++++ Task inputs ++++
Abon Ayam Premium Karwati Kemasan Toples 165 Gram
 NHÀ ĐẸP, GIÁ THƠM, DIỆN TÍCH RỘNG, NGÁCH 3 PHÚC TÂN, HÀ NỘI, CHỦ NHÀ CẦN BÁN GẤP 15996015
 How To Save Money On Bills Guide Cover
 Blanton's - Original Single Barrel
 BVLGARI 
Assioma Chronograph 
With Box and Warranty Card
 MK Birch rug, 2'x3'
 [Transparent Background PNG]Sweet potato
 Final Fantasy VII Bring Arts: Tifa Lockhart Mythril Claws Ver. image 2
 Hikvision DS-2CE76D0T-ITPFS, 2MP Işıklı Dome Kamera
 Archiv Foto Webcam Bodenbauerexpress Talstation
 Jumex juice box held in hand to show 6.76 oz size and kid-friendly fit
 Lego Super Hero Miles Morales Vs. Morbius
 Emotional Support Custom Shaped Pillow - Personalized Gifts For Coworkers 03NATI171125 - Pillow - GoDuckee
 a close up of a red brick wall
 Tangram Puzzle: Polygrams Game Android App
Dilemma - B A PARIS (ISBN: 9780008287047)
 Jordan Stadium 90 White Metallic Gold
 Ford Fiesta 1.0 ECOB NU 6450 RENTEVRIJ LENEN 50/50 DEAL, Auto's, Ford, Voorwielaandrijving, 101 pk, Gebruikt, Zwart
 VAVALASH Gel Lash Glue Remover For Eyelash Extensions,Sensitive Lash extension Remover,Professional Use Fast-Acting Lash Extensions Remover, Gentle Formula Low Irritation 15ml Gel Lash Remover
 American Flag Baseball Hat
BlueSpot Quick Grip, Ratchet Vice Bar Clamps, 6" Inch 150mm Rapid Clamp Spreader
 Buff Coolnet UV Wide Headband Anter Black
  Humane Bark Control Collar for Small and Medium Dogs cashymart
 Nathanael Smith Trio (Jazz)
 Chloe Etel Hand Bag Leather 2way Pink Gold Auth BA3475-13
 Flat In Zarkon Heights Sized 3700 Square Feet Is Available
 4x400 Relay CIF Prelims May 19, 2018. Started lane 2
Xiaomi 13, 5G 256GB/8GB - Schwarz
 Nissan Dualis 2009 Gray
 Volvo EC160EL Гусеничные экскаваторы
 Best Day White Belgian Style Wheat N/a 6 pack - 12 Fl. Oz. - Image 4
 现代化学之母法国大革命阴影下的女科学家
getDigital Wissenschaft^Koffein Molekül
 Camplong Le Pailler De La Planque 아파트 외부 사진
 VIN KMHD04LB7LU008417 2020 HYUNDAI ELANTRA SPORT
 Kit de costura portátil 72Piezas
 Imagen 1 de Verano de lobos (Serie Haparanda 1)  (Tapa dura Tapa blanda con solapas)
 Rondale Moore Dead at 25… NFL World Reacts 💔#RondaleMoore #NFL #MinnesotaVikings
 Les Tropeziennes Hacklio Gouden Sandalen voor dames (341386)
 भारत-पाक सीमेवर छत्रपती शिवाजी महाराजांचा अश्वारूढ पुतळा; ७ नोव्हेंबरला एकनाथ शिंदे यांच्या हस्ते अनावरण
++++
* [What to produce]
Starting at the line that has "How To Save Money On Bills Guide Cover" in the records above, restate word for word every line until the one that has "Imagen 1 de", and include that one as well.

* [Task response]
 How To Save Money On Bills Guide Cover
 Blanton's - Original Single Barrel
 BVLGARI 
Assioma Chronograph 
With Box and Warranty Card
 MK Birch rug, 2'x3'
 [Transparent Background PNG]Sweet potato
 Final Fantasy VII Bring Arts: Tifa Lockhart Mythril Claws Ver. image 2
 Hikvision DS-2CE76D0T-ITPFS, 2MP Işıklı Dome Kamera
 Archiv Foto Webcam Bodenbauerexpress Talstation
 Jumex juice box held in hand to show 6.76 oz size and kid-friendly fit
 Lego Super Hero Miles Morales Vs. Morbius
 Emotional Support Custom Shaped Pillow - Personalized Gifts For Coworkers 03NATI171125 - Pillow - GoDuckee
 a close up of a red brick wall
 Tangram Puzzle: Polygrams Game Android App
Dilemma - B A PARIS (ISBN: 9780008287047)
 Jordan Stadium 90 White Metallic Gold
 Ford Fiesta 1.0 ECOB NU 6450 RENTEVRIJ LENEN 50/50 DEAL, Auto's, Ford, Voorwielaandrijving, 101 pk, Gebruikt, Zwart
 VAVALASH Gel Lash Glue Remover For Eyelash Extensions,Sensitive Lash extension Remover,Professional Use Fast-Acting Lash Extensions Remover, Gentle Formula Low Irritation 15ml Gel Lash Remover
 American Flag Baseball Hat
BlueSpot Quick Grip, Ratchet Vice Bar Clamps, 6" Inch 150mm Rapid Clamp Spreader
 Buff Coolnet UV Wide Headband Anter Black
  Humane Bark Control Collar for Small and Medium Dogs cashymart
 Nathanael Smith Trio (Jazz)
 Chloe Etel Hand Bag Leather 2way Pink Gold Auth BA3475-13
 Flat In Zarkon Heights Sized 3700 Square Feet Is Available
 4x400 Relay CIF Prelims May 19, 2018. Started lane 2
Xiaomi 13, 5G 256GB/8GB - Schwarz
 Nissan Dualis 2009 Gray
 Volvo EC160EL Гусеничные экскаваторы
 Best Day White Belgian Style Wheat N/a 6 pack - 12 Fl. Oz. - Image 4
 现代化学之母法国大革命阴影下的女科学家
getDigital Wissenschaft^Koffein Molekül
 Camplong Le Pailler De La Planque 아파트 외부 사진
 VIN KMHD04LB7LU008417 2020 HYUNDAI ELANTRA SPORT
 Kit de costura portátil 72Piezas
 Imagen 1 de Verano de lobos (Serie Haparanda 1)  (Tapa dura Tapa blanda con solapas)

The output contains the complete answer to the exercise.